First, let’s be clear about what inconceivable means, and then consider how it is merciful, which is the topic of Tuje. Inconceivable means that any idea we may come up with about ultimate totality can only ever be about totality. So, the reality of the state of totality always remains inconceivable. But this does not mean that ultimate reality is unknowable. If we train ourselves to relax into a state of non-conceptual presence, ultimate reality can be truly and completely known. This unique knowing of ultimate reality is involuntary, autonomic, if you will, but fully conscious. In the extremely concise Tibetan language, this state-of-being-in-the-non-conceptual-presence-that-reveals-our-already-complete-innate-knowledge-of-ultimate-reality is called Rigpa. We could make up a fresh word for this or use the old Greek word, gnosis, but since the English language has such open borders, I think we may as well just keep the word, Rigpa. Above, the inconceivable totality that is the very essence (ngo wo) of reality was characterized as being mercifully inconceivable. Of course, this is a verbal device intended to introduce the aspect of Tuje. Tuje is also non-conceptual but, like totality, also completely knowable in the radical, autonomic state of Rigpa. It is important to keep in mind that, although we can speak of these three aspects of Ngo Wo, Rang Zhen and Tuje independently, they are never separate. Each aspect equally subsumes the other two, constituting a condition of unity that transcends not only any and all concepts of unity, but even transcends its own unity — and always remains the inconceivably simple truth about ourselves and everything else, no matter how far we wander from recognizing it.
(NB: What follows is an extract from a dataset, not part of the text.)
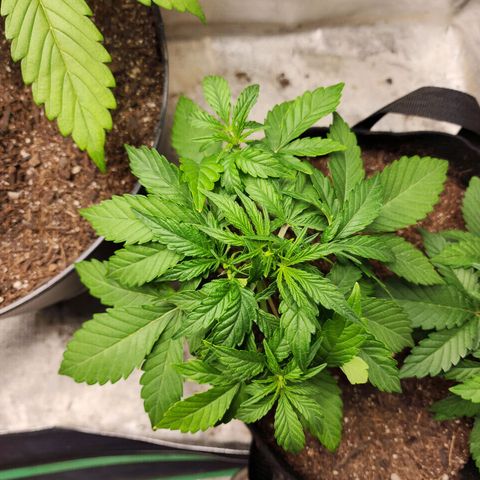 Gorilla Glue #1 growlog timeline photo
The conventional translation of Tuje is “compassion”, and this is not incorrect. However, the term compassion is commonly used to name a particular sentiment or emotion. It is usually relegated and confined to feelings of compassion. The specific Dzogchen usage of Tuje is to refer to the most fundamental, primordial energy of all reality. This fundamental energy is always and pervasively compassionate, merciful, loving and warm, in the sense that our experience of this primordial energy always involves those qualities. In Dzogchen practice we must learn to clearly differentiate experience and realization. Although working with our experiences is an indispensable part of Dzogchen practice, realization is beyond experience. It is only at the dualistic level of experience that we can characterize Tuje as having such qualities as compassion. The realization of Tuje is synonymous with the realization of Buddhahood and beyond all concepts.
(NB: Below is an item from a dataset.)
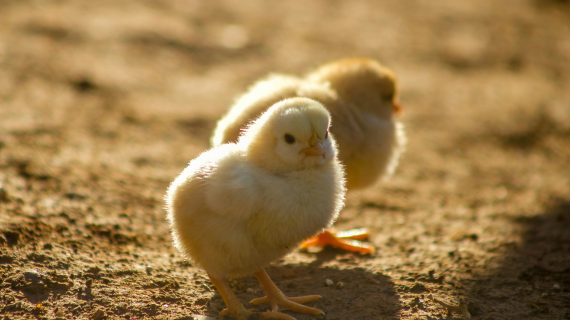 Mengapa DOC Ayam Penting untuk Peternakan Anda?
Merciful compassion is the quality of the basic energy of all existence, and to the extent that we can open ourselves to this energy, we will experience pleasure. Of course, there are many levels and degrees of pleasure, and Tuje is the intangible energy of it all. Tuje is the non-conceptual reality that everything is inherently positive. Negative states only seem to exist due to our mistaken habit of languishing in the delusive state of dualism. This is not to suggest that we can simply decide now to stop being dualistic. It is not so easy. But if we can come to understand, even intellectually, that our dualistic perspective is blocking our capacity to enjoy eternal pleasure, then the approach to liberation is at hand. Tuje is the fact that every situation, without exception, is the completely perfect situation. This is because every situation perfectly presents the spaciousness of eternal emptiness (ngo wo), as, the clarity of infinitely variant manifestation (rang zhen), and vice versa. The energy-power (Tuje) that is part and parcel of this perpetual confluence is always optimal as the perpetual thrust of autonomic realization. In the same way that a surfer catches and then rides the energy of an oceanic wave, concretely demonstrating, if only briefly, the non-duality of surfer and surf, likewise, mercifully and warmly, ultimate reality unceasingly presents us perfect opportunities for the enlightenment of realizing ultimate non-duality.
Therefore, we ourselves are fundamentally Tuje. And to the extent that we can abide in-and-as this primordial energy, we will be beneficial to the world. In the Dzogchen view, therefore, the ultimate demonstration of compassion and loving-kindness is to simply abide in Rigpa. By remaining in this autonomic presence, all of our activities will spontaneously, effortlessly and perfectly fulfill the needs and wishes of others. This is because when we are in the state of Rigpa we are existing in non-dual confluence with primordial energy of Tuje. This is also why, in Dzogchen, Bodhicitta is not referred to as something to be cultivated and/or practiced. Instead, Bodhicitta is understood to have always been none other than what and who we really are.